Rep. Rick Crawford (R-Arkansas), along with Reps. Sanford Bishop (D-Georgia) and Bruce Westerman (R-Arkansas) on Thursday introduced the Honest Operators Undertake Road Safety Act, or HOURS Act, which aims to provide hours of service relief in four different ways.
The American Trucking Associations says the ACT would provide “common sense hours-of-service relief and flexibility for professional truck drivers while enhancing highway safety and supply chain efficiency.”
“Now that the trucking industry is coming into full compliance with the electronic logging mandate, the next step in improving truck safety and supply chain efficiency is to use the data these ELDs collect to make needed improvements to the underlying hours-of-service rules,” said ATA President and CEO Chris Spear. “Congressman Crawford has been a leader on these issues, and a passionate advocate for drivers and carriers of all sizes, so we are proud to support this important legislation that will provide flexibility for millions of drivers while enhancing truck safety.”
Since the December shift to mandatory use of electronic logging devices to track drivers’ hours of service, there have been some issues for the industry – not about ELD use, but about the flexibility of the underlying hours-of-service rules.

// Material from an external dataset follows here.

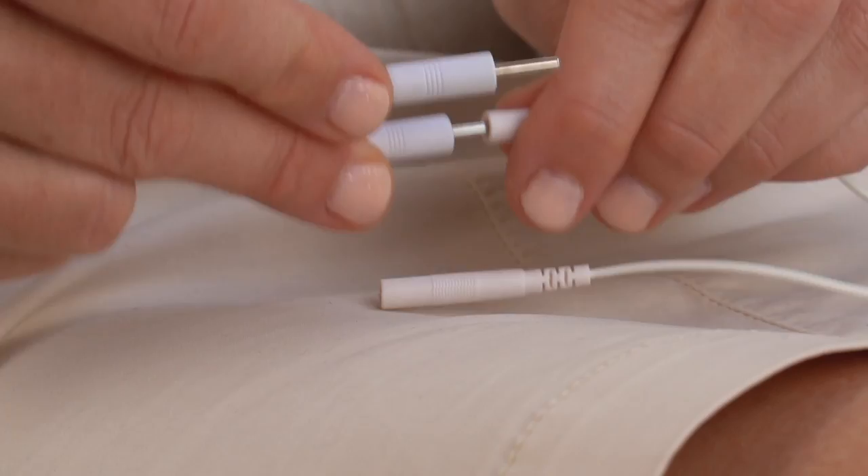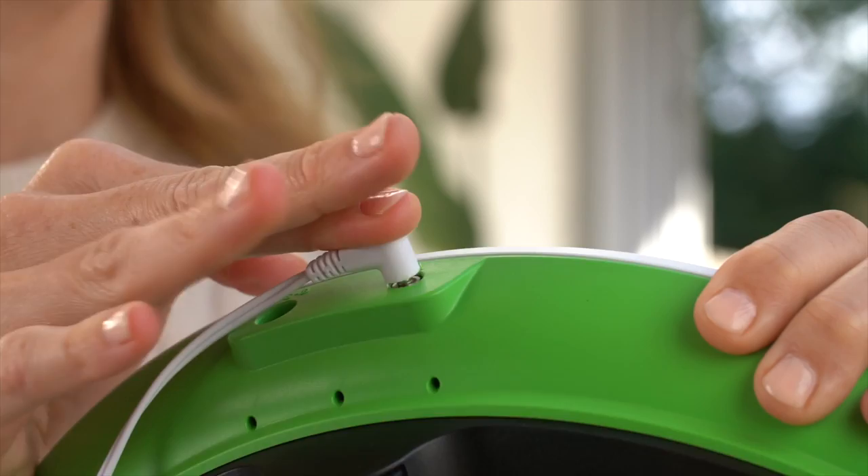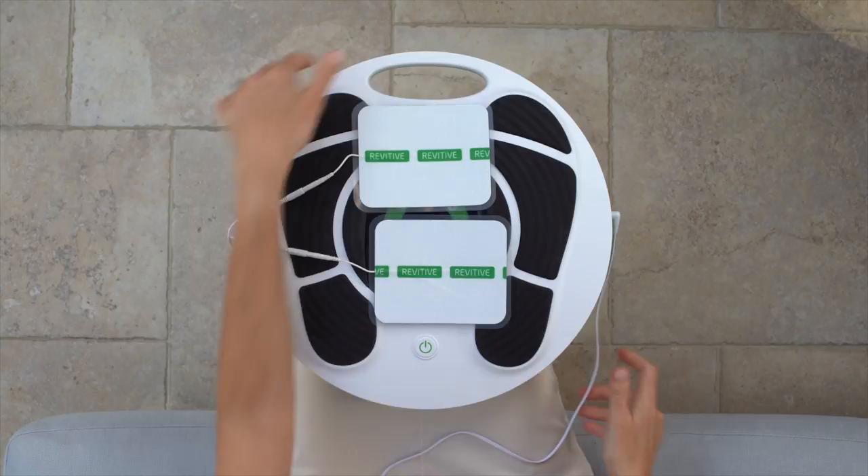First, attach the ends of the thigh pads to the electrode cord. Then, plug the other end of the electrode cord into the socket on the side of Revitiv. Be aware you won't be able to use the foot pads while the electrode cord is plugged in.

“Many complaints associated with ELDs are really issues with the hours-of-service rules themselves – issues that were papered over by inaccurate or falsified logbooks,” said Collin Stewart, president and CEO of Stewart Transport Inc. “ELDs have made it more difficult for drivers to ‘fudge’ their logs, but have also shown where the weaknesses in the HOS rules are. The solution proposed by Congressmen Crawford, Westerman and Bishop is a reasonable one and we urge Congress to quickly move on it.”
Stewart is chairman of ATA’s Small Carrier Advisory Committee and a member of the board of directors of the Agricultural and Food Transporters Conference.

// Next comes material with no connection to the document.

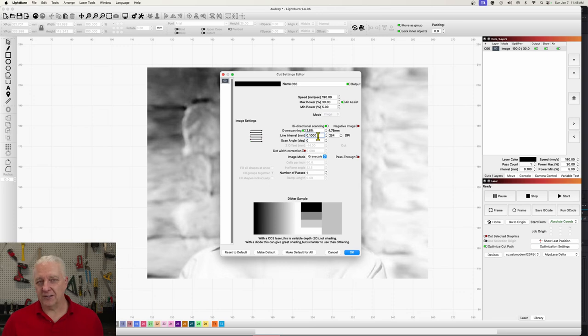The next thing to look at is the interval, currently set to 0.1 millimeters — the height of our spot size, the ideal setting for engraving. I'm also going to try both extremes. Starting with something high like 400 lines per inch, which is roughly 0.06 millimeters — you can work in either measurement in Lightburn. This setting is almost twice the resolution of our laser, so you'll see lots of overlap, which will have the side effect of making the output very dark.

The HOURS Act would provide narrow hours-of-service relief in four areas:
Exempting drivers hauling livestock or agricultural products from the hours-of-service rules within 150 air-miles of the source of their load, regardless of state-designated planting or harvesting season.
Harmonizing the hours-of-service rules for shorthaul truck drivers by providing one single set of rules: exempting drivers from ELD requirements if they operate exclusively within 150 air-miles of their reporting location and complete their workday in 14 hours, ending the current two-tiered system.
Reducing the current supporting documents burden for drivers to only verify the start and end time of a driver’s daily on-duty period.
Accelerating the Federal Motor Carrier Safety Administration’s already-in-progress efforts to provide flexibility in how drivers who take off-duty periods in sleeper berths split their rest time.
“Congressmen Crawford, Westerman and Bishop have provided a roadmap for improving the current hours-of-service rules, while maintaining the safety of our highways,” Spear said. “This narrow and targeted relief would improve the lives of millions of professional drivers and we ask Congress to support it.”